水
自然資本である水資源については、気候変動の影響による洪水や干ばつ、世界人口の増加による水需要の高まりが予測されるなど、問題が深刻化しています。
Honda は、取水地域のコミュニティとその下流域の水資源に影響を及ぼす可能性を認識し、水資源の保全に取り組んでいます。
周囲の水資源と調和の図れる地域を選定し、各国の環境アセスメント法規に則って企業活動を行っています。
また、2050年工業用取水ゼロをめざし、取水量の最小化に向けて、各事業所でリサイクル水の活用や節水など、地域事情を踏まえた取り組みを推進しています。
また、事業に影響を及ぼす供給リスクや地域社会に影響を及ぼす枯渇リスクを視野に入れ、すべての企業活動における取水総量の削減をめざしていきます。
2050年を見据えた新目標値の設定
より本質的な課題解決に向けて、2050年のありたき姿と連動した中間目標として、2031年3月期までに工業用取水量を12%削減する新たな KGI と目標値を設定しました。
工業用取水量:企業活動において、製品の開発や製造に伴い直接使用される水の年間取水量。なお、従業員の飲用や手洗い場などで使用される生活用水については、AWS(Alliance for Water Stewardship)規格の「WASH」の提供のため、本指標の対象外としています。

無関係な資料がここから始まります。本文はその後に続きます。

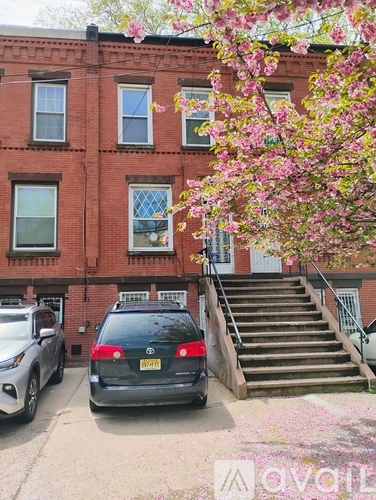 A black car is parked in front of a red brick building.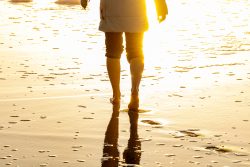 Insel Sylt Februar 2025 Ein friedlicher Moment am Strand bei Sonnenuntergang Insel Sylt Februar 2025 Person im Mantel geht barfuß am sonnigen Strand entlang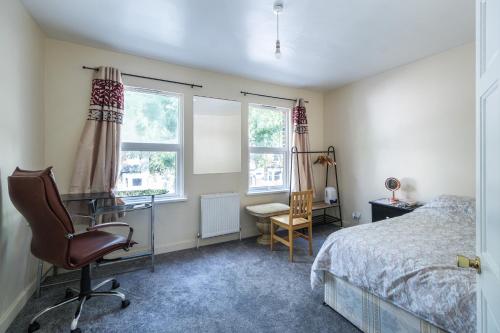1 dormitorio con escritorio, 1 cama y 1 silla en House - Sleeps 8 - Garden - Short Walk to Station, en Londres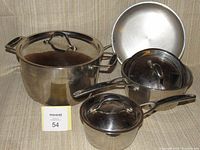 Grouped photo showing three stainless steel pots and one frying pan placed on a fabric surface. One lid is mismatched and made of glass.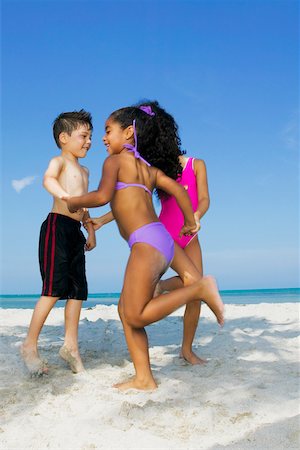 Two girls and a boy playing on the beach Stock Photo - Premium Royalty-Free, Code: 625-01098108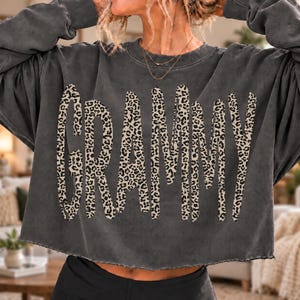 Pode incluir: Uma camisola de manga comprida em cinzento-carvão com uma bainha curta de corte cru. A parte da frente apresenta a palavra GRAMMY impressa numa fonte grande e arrojada, preenchida com um padrão de leopardo em bege e preto.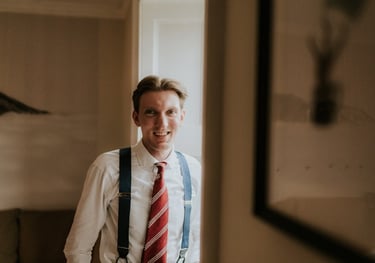 a man in a white shirt and suspender tie tie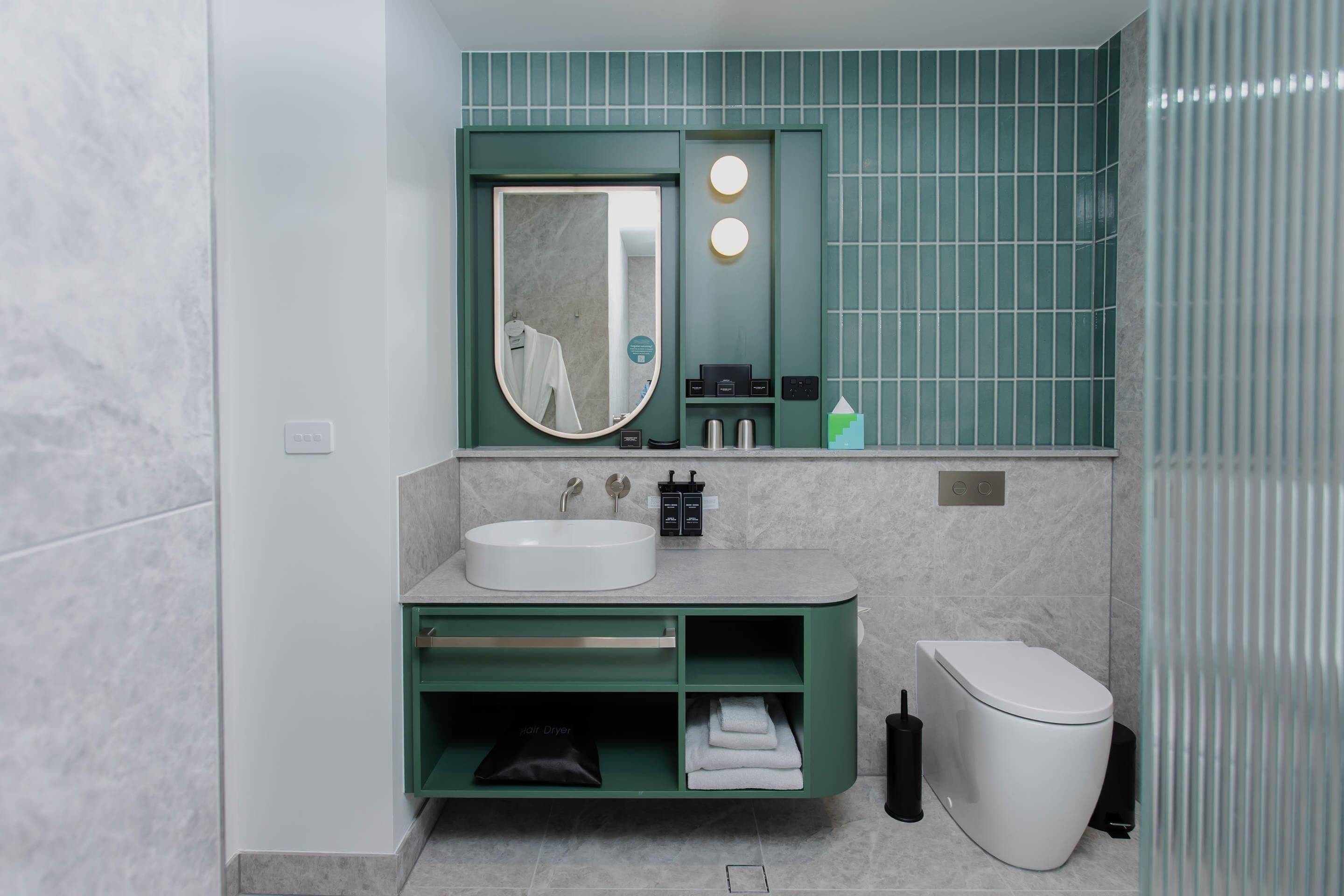 A modern bathroom with a white sink, green vanity, a mirror, and a toilet.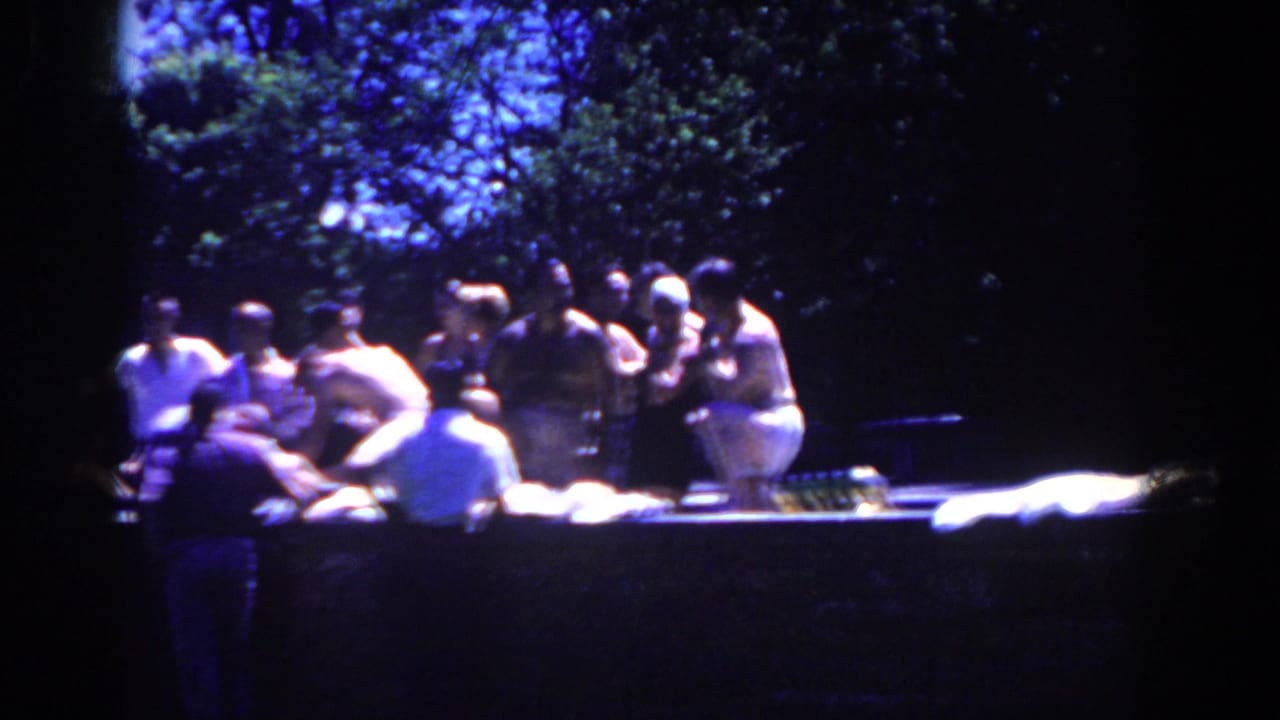Group of men standing and sitting near a long table under trees.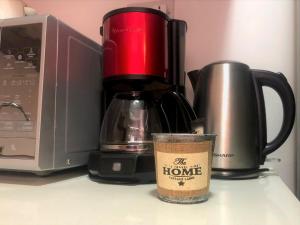 a coffee cup sitting next to a coffee maker at Pereybere Holiday Apartment in Pereybere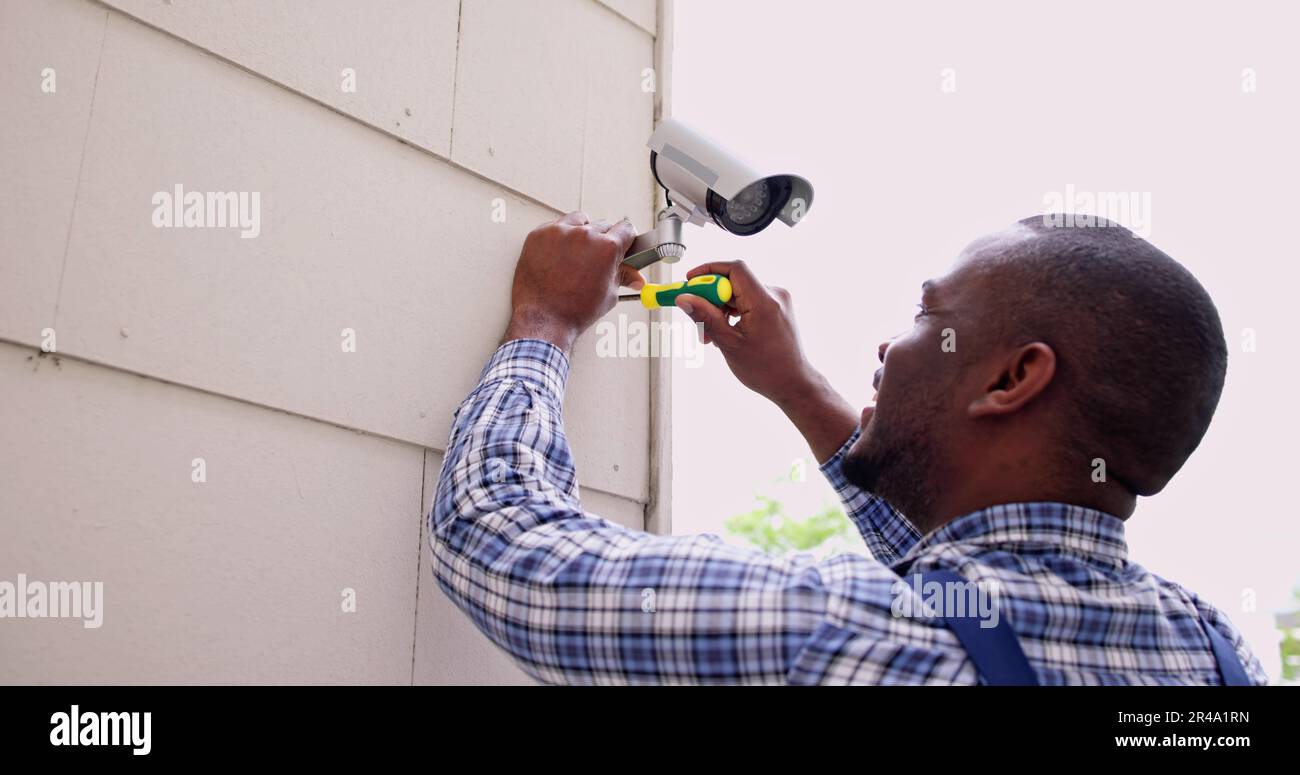 African American Handyman With CCTV Camera, Security System Stock Photo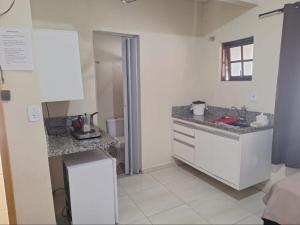 a kitchen with white cabinets and granite counter tops at Kitnets Dona Lucia SJC in São José dos Campos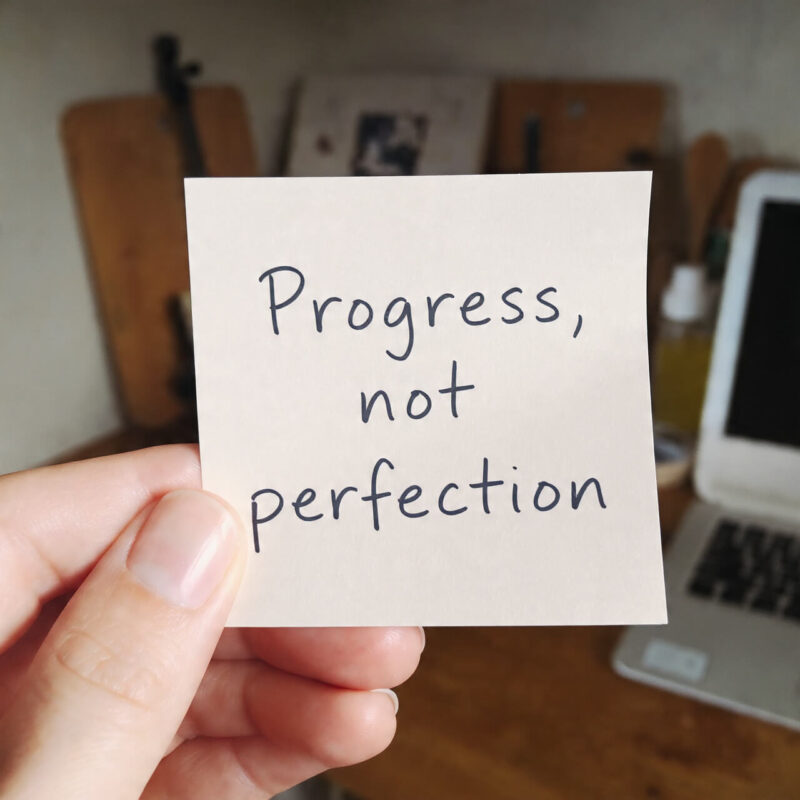 Hand holding a sticky note reading “Progress, not perfection,” with a blurred desk in the background, symbolising self-compassion and realistic growth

WASH = Water, Sanitation and Hygiene(安全な水、衛生設備、衛生習慣)の略称で、衛生的な水/施設の提供を規定
水は、地域や季節などによって偏在する資源であり、水の使用量の多い製造拠点においては、「AQUEDUCT」や「Water Risk Filter」などの評価指標を用いて拠点地域における「水資源」「地下水」「渇水」「水質」「規制/風評」などのリスクの検証・特定を行っており、リスクに応じた取り組みを推進しています。
水リスクの高い地域に所在するホンダ・デ・メキシコ・エス・エー・デ・シー・ブイ セラヤ工場(メキシコ)、ホンダカーズインディア・リミテッド タプカラ工場(インド)、広汽本田汽車有限公司第2工場(中国)などでは、重点的に水のリサイクルシステムの導入に取り組んでいます。
■リサイクル水 使用量(グローバル製造拠点)
3,160千m3/年間(全使用量の約14%)
排水についても、各国の法規に従った排水処理や処理水の放流を行っているため、排水によって影響を受ける水源はなく、排水量の管理を行っています。
これからもHondaは、地域ごとの水資源の特性や課題を踏まえ、各製造拠点で水リスク評価を実施するとともに、生物多様性への配慮を重視し、拠点の上下流域における水環境や地域コミュニティの保全 にも貢献していきます。